Book you most want to read again for the first time:

Kindred by Octavia Butler is another classic, and somewhat different than the rest of her literature since it's also a very historical text placed in the antebellum South, but with a time travel twist. The protagonist's journey and her struggle between past and present has always stayed with me and I wish I could go back to the first time I flipped through each page.

Book Review

Review: The Triumph of Christianity: How a Forbidden Religion Swept the World

The Triumph of Christianity: How a Forbidden Religion Swept the World by Bart D. Ehrman (Simon & Schuster, $28 hardcover, 352p., 9781501136702, February 13, 2018)

Bart D. Ehrman has made a cottage industry out of writing relatively brief, accessible books about early Christian history such as How Jesus Became God and Misquoting Jesus. The Triumph of Christianity: How a Forbidden Religion Swept the World is trademark Ehrman: clear prose and digestible chapters in support of Ehrman's opinionated interpretations of Christian history. The Triumph of Christianity examines Christianity's remarkable success in converting the better part of the Roman world in only a few centuries.

Ehrman takes pains to point out that, title notwithstanding, his book is not meant to be a triumphalist narrative. He never claims that Christianity succeeded because of its inherent superiority to pagan religions, nor suggests that Western culture is better off due to Christian success. Instead, he attempts to explain how a small Jewish sect under intermittent persecution by Roman authorities managed to overthrow centuries of pagan tradition. In doing so, he reminds us of the incredible variety of pagan religions, encompassing a diverse set of cultic practices honoring a multitude of gods.

One reason for Christianity's success was its exclusivity. Pagan religions did not demand that worshippers of certain gods turn away from others. Ehrman does point to pagan practitioners of henotheism, which lets worshippers focus on a single god without denying the existence of other deities. He suggests that henotheism may have prepared the ground for some Christian converts to recognize one all-powerful God, including, possibly, Emperor Constantine. More importantly, when pagans converted to Christianity, they renounced all other gods. A convert necessarily became an apostate to all of paganism, so that more Christians meant fewer pagans.
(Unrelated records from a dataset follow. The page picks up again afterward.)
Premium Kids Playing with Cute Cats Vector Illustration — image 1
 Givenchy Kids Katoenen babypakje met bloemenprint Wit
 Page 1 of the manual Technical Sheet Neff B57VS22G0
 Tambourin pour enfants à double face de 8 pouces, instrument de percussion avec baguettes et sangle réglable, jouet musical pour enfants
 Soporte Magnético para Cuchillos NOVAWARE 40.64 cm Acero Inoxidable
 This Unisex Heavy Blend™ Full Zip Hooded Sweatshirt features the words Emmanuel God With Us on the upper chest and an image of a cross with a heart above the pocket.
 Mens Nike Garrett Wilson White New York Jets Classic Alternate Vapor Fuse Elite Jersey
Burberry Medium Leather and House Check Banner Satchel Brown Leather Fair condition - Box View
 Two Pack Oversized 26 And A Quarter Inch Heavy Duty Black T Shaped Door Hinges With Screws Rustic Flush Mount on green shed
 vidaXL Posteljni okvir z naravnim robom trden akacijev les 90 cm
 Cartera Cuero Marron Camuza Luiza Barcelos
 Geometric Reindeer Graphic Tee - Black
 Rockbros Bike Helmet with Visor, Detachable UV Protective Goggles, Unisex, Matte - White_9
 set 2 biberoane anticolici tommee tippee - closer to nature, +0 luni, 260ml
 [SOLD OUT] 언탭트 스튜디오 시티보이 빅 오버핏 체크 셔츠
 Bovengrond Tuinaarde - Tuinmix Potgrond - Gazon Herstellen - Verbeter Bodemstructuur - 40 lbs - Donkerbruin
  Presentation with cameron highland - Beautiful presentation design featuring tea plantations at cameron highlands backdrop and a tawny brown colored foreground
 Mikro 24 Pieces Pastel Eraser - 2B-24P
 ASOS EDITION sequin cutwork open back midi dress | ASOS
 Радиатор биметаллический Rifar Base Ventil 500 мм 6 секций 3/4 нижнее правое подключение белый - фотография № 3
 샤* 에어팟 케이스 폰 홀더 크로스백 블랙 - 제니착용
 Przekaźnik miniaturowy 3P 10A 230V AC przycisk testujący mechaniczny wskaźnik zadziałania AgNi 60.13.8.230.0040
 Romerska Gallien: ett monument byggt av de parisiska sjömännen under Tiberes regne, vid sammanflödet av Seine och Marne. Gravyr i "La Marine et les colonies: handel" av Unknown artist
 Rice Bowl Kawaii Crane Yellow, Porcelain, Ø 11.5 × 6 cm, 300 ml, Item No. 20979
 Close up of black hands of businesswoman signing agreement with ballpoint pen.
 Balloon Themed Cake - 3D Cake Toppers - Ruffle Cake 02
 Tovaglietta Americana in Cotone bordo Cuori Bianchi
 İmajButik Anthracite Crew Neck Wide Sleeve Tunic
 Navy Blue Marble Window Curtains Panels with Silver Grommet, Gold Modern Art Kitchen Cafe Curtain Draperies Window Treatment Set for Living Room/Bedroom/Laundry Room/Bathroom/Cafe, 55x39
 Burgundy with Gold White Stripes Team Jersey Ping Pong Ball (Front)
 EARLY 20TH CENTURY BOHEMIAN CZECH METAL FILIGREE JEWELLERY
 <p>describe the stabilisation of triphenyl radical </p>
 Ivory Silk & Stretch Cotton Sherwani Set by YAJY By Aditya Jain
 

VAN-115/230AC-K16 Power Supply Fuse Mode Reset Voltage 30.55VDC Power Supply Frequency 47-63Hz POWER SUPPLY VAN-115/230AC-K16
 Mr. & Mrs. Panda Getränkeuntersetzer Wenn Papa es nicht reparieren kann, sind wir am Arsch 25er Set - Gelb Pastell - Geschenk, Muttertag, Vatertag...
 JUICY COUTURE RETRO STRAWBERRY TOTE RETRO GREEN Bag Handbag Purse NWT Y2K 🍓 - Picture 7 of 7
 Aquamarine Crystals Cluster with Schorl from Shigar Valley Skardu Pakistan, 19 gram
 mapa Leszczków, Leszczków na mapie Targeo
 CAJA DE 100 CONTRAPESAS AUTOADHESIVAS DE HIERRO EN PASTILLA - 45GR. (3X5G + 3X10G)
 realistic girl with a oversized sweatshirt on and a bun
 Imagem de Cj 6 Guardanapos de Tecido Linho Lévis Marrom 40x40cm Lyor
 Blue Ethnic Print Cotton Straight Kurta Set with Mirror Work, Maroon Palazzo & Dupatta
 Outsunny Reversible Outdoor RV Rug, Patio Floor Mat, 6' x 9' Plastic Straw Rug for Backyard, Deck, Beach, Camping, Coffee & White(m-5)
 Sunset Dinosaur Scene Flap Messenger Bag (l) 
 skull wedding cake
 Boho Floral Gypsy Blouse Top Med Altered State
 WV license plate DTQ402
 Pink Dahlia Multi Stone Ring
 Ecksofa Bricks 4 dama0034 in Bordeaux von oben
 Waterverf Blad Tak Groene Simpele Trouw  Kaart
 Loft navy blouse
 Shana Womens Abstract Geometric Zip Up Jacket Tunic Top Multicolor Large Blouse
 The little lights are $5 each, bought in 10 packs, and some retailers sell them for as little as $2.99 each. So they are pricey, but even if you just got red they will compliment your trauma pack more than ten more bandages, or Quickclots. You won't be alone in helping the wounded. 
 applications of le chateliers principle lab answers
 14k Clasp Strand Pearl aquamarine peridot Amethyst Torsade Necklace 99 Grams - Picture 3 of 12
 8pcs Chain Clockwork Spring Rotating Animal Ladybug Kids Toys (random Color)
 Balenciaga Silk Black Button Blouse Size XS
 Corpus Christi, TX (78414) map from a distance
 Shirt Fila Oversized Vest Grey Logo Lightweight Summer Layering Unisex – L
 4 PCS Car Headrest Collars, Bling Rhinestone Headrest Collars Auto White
Ehrman also writes at length about Christianity as a missionary religion. While pagans had a precedent for monotheism in their Jewish neighbors, "we don't know of any missionary religions in the pagan world." The evangelizing mission of the Christian church was thus "unparalleled and unprecedented." Ehrman does not underplay the importance of such a development, but he does counter the narrative provided by the Book of Acts in the New Testament, which references mass conversions of pagans. He instead argues that conversion was more likely to take place on an individual level, with newly converted Christians telling their pagan friends the Good News. They would also convert the rest of their household, but Ehrman provides reasons to be wary of the official Christian account.

These are only a few of the explanations for Christianity's success that Ehrman examines. He offers a survey of many centuries of scholarship on the subject, writing about the merits of certain explanations while rejecting others. What emerges in his account is a measured, grounded, but no less astounding tale of a persecuted religion that swept the ancient world with shocking rapidity. And as it spread, "it destroyed the other religions in its wake, religions that had been practiced for millennia and that were simply assumed, everywhere and by everyone, to be good and true." Readers are left to judge the benefits and drawbacks of Christianity's triumph for themselves. --Hank Stephenson, bookseller, Flyleaf Books

Shelf Talker: The Triumph of Christianity examines the religion's rapid expansion and eventual dominance of both the Roman Empire and Western culture as a whole.